Pourquoi opter pour un taux variable pour son hypothèque au Canada

Un contrat hypothécaire à taux variable ne tient pas en place. Il évolue, s’adapte, suit le mouvement des marchés, et c’est justement ce qui fait toute sa singularité. Pourtant, la majorité des Canadiens continuent de s’orienter vers la sécurité du taux fixe, sans vraiment prendre le temps d’explorer ce que propose l’alternative variable. Des économistes experts se sont penchés sur le sujet : taux variable ou fixe, que choisir ? Et leur verdict ne laisse guère de place au doute : sur la durée, le taux variable surpasse souvent le taux fixe pour celles et ceux qui souhaitent optimiser leur emprunt.

Un taux hypothécaire avantageux sur le long terme

Ce qui saute aux yeux, c’est la capacité du taux variable à alléger la facture finale : versements plus bas, intérêts réduits. Avec ce type de prêt, chaque fluctuation du taux directeur de la Banque du Canada a un impact direct sur le montant à rembourser. Quand le taux directeur baisse, vos paiements suivent cette tendance. À l’inverse, en cas de hausse, la mensualité grimpe. Mais, sur la durée d’un contrat hypothécaire, nombreux sont ceux qui constatent une économie réelle sur les intérêts versés. Ce mécanisme ne donne pas la main à l’emprunteur pour influencer le taux au fil de l’eau, mais il offre une véritable opportunité de bénéficier des cycles favorables du marché.

Il faut savoir que si le taux variable de votre crédit n’est pas directement calqué sur le taux préférentiel de votre banque, il en dépend largement, car ce dernier évolue au rythme du taux directeur décidé par la Banque du Canada. Voilà pourquoi, sur plusieurs années, le taux variable affiche souvent un bilan positif pour l’emprunteur.

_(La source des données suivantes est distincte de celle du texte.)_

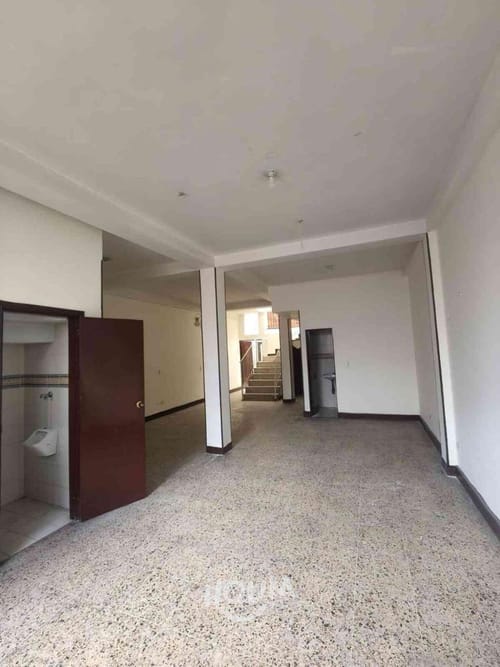 Casa de 7 alcobas en venta en Suba Urbano, Bogotá, 120 m² · foto 3 de 24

Un taux de départ plus bas

Au moment de signer un prêt hypothécaire au Canada, la tentation du taux fixe est grande : sa stabilité rassure, chaque mensualité est identique à la précédente. Mais il faut regarder les chiffres en face : le taux fixe démarre le plus souvent au-dessus du taux variable. Ce choix de la régularité se paie donc dès la première échéance.

En misant sur un taux variable, on commence généralement avec des mensualités plus légères. Et ce bénéfice ne s’arrête pas là. Grâce aux ajustements périodiques du taux préférentiel des banques, qui suivent le rythme du taux directeur de la Banque du Canada, révisé plusieurs fois chaque année,, l’emprunteur a de bonnes chances de profiter, au fil du temps, de baisses supplémentaires. En moyenne, un taux variable peut être ajusté jusqu’à huit fois par an. Une dynamique qui multiplie les occasions de réaliser des économies substantielles.

Le taux variable : les issues de secours

Le marché immobilier canadien n’offre aucune certitude. Ni économiste ni courtier ne peut prédire avec exactitude la trajectoire à venir des taux. Les derniers mois ont été marqués par des hausses répétées du taux directeur de la Banque du Canada. Certains experts voient poindre un retournement à l’horizon 2023, d’autres préfèrent rester sur la réserve.

Face à cette volatilité, le taux variable s’ajuste à la conjoncture, sans jamais garantir la stabilité. Pourtant, sur la durée, il continue de montrer sa capacité à générer des économies par rapport au taux fixe. Les banques canadiennes, conscientes des réticences suscitées par cette incertitude, proposent désormais des formules adaptées à différents profils d’emprunteurs. Voici quelques variantes que l’on trouve sur le marché :

  • Les prêts hypothécaires à taux mixte, qui combinent une partie à taux fixe et une autre à taux variable, pour répartir les risques si les taux s’envolent.
  • Les crédits variables assortis d’un plafonnement, qui limitent la hausse potentielle du taux.
  • Les prêts à taux variable à paiements fixes, où le taux évolue mais les mensualités restent identiques, offrant un compromis entre flexibilité et prévisibilité.

En définitive, opter pour un taux variable, c’est accepter une part d’inconnu pour miser sur une trajectoire potentiellement plus avantageuse. La route n’est jamais rectiligne, mais ceux qui savent lire entre les lignes du marché peuvent en sortir gagnants, là où d’autres achèvent leur prêt avec la sensation d’avoir payé le prix fort pour un confort illusoire. À chacun de peser le jeu des possibles. Qui sait, la prochaine décision de la Banque du Canada pourrait bien changer la donne pour des milliers d’emprunteurs.